In this project, you will work in groups of 1-2 to study a climate risk problem of your choosing. The goal of this project is to apply principles and tools of climate risk analysis. Therefore, the project should:
Be focused on a risk-based framing of the selected problem, thinking through how components of hazard, exposure, vulnerability, and response are present in the real-world system and will be represented in your study;
Include quantification and/or characterization of relevant uncertainties which is appropriate for the type(s) of uncertainty (e.g. deep vs. well-characterized) the system, and the system model;
Consider implications of your analysis for risk management (though a formal decision analysis is not required).
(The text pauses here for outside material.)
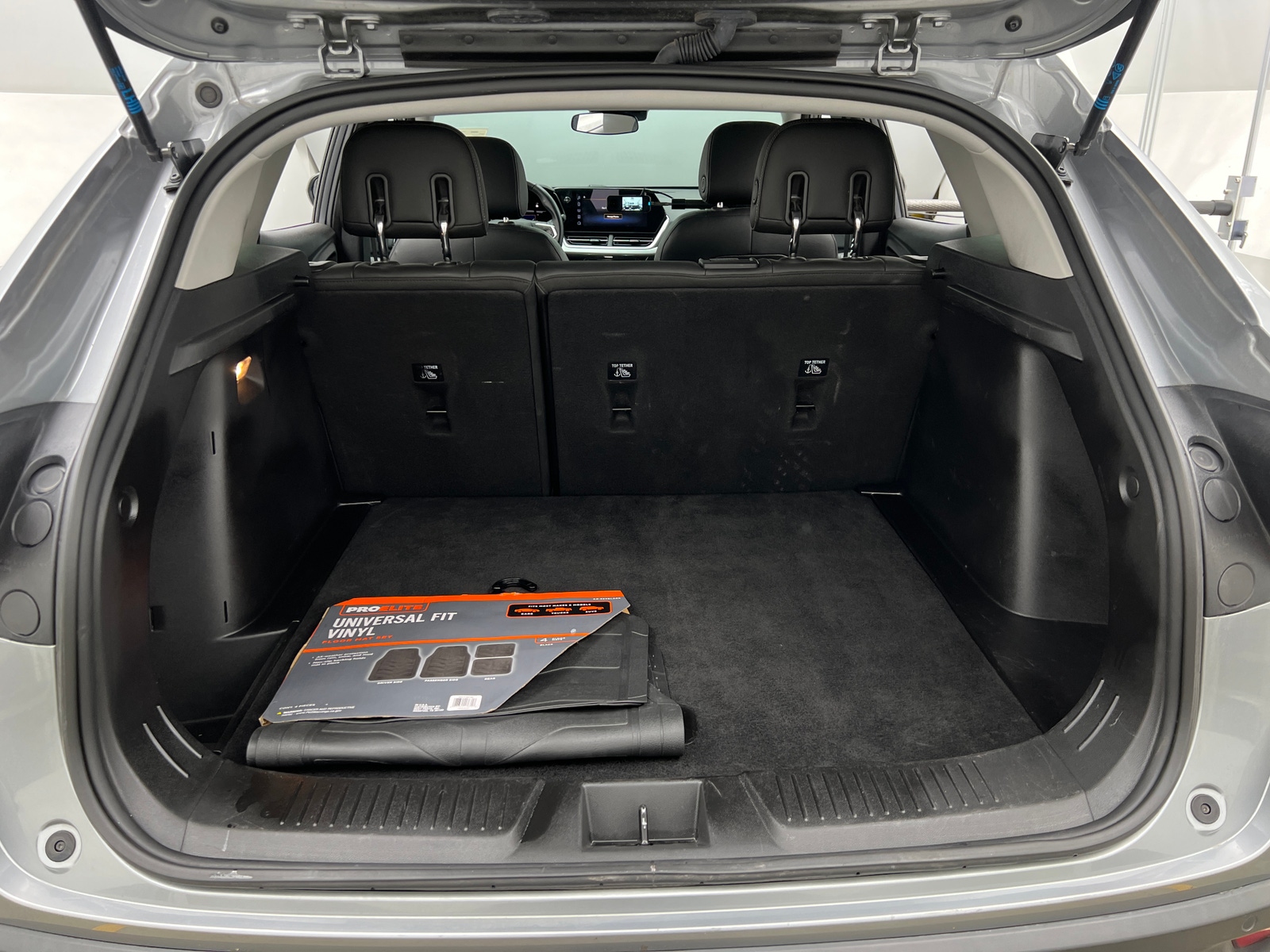 Thumbnail: 2024 Chevrolet Trax - 7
All submissions will be handled via Gradescope by the appropriate due dates, and should be submitted as PDFs (supporting code can be provided as a GitHub repository, with a link provided in the PDF). Any late submissions will be penalized by 10% per day unless prior arrangements are made.
After completing this project, students will be able to:
identify contributors to risk related to climate change;
quantify and/or characterize relevant uncertainties.
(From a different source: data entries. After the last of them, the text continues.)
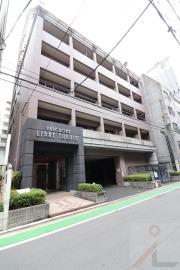 地下鉄七隈線薬院大通駅まで徒歩5分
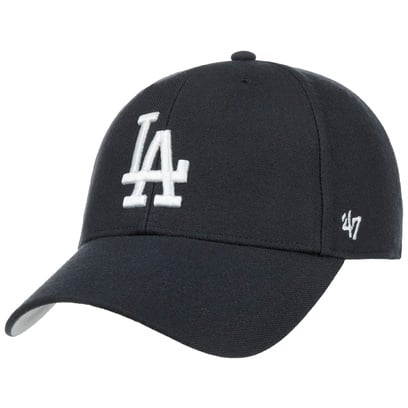 Casquette Classic MVP Dodgers by 47 Brand - 25,95 €
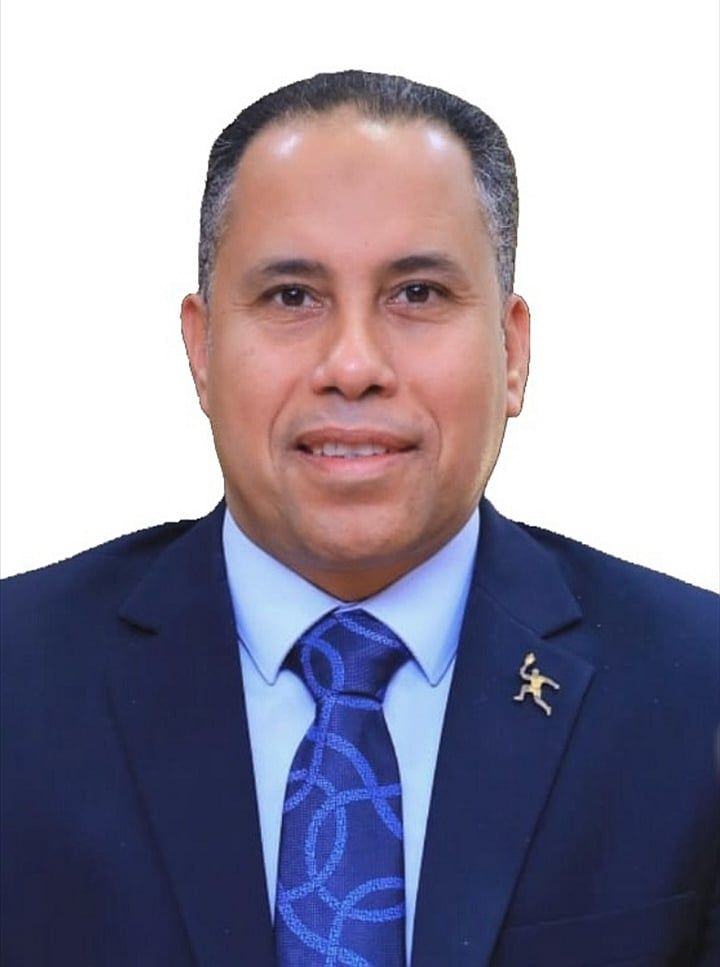 الدكتور أحمد زينة عميد كلية التربية الرياضية بكفر الشيخ الدكتور أحمد زينة عميد كلية التربية الرياضية بكفر الشيخ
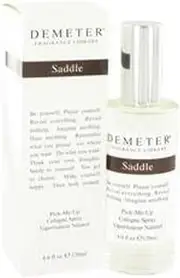 Saddle Cologne Spray, 120ml/4oz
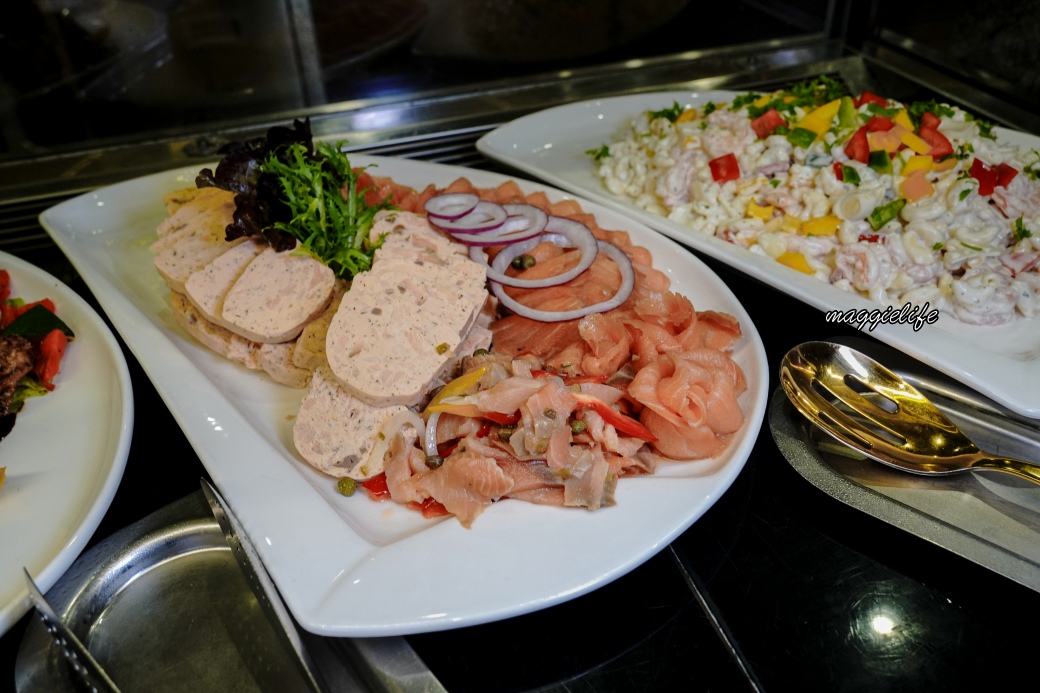 高雄福華麗香苑吃到飽,不到千元全台CP值最高,直接吃3.5個小時 - 第49張圖 高雄福華麗香苑吃到飽,不到千元全台CP值最高,直接吃3.5個小時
You should submit a project proposal presenting the following:
The risk problem you are interested in studying;
Initial thoughts on how you will model the system, including relevant uncertainties you will consider;
Any preliminary data sources, metrics, etc that you are considering using.
The proposal will be graded only on completion. It should be no more than one page (double-spaced, 12 point font, 1 inch margins) not including references.
You should submit a research plan with more details on your intended modeling approach, including key questions, information on data sources, more specific modeling details and representations of uncertainty. This plan will be graded based on level of detail, clarity of writing and presentation, and alignment of the research plan with key questions and hypotheses.
The research plan should be no more than four pages (double-spaced, 12 point font, 1 inch margins), not including references or figures.
Your group should conduct a modeling study analyzing your system of interest. Your submission of results should be made in the form of a poster. This poster should include:
a brief overview of your problem of interest;
your question framing and any relevant hypotheses guiding your study;
how you modeled the system, including how you represented uncertainties and risk in your analysis;
your results and conclusions, including comments on relevant assumptions and how they might have influenced the results.
A template will be provided for this poster (though this specific template does not need to be used), which will specify the appropriate dimensions and font sizes, and some other example posters will be provided for guidance on layout and content.
On the last day of class, we will do oral project presentations. These presentations should be no longer than 7 slides and 15 minutes, with 5 minutes afterwards for questions (more questions can be asked with any leftover time at the end). For groups of 2, both group members should participate in the presentation. Presentations will be graded on clarity, participation in the presentation, and thoroughness.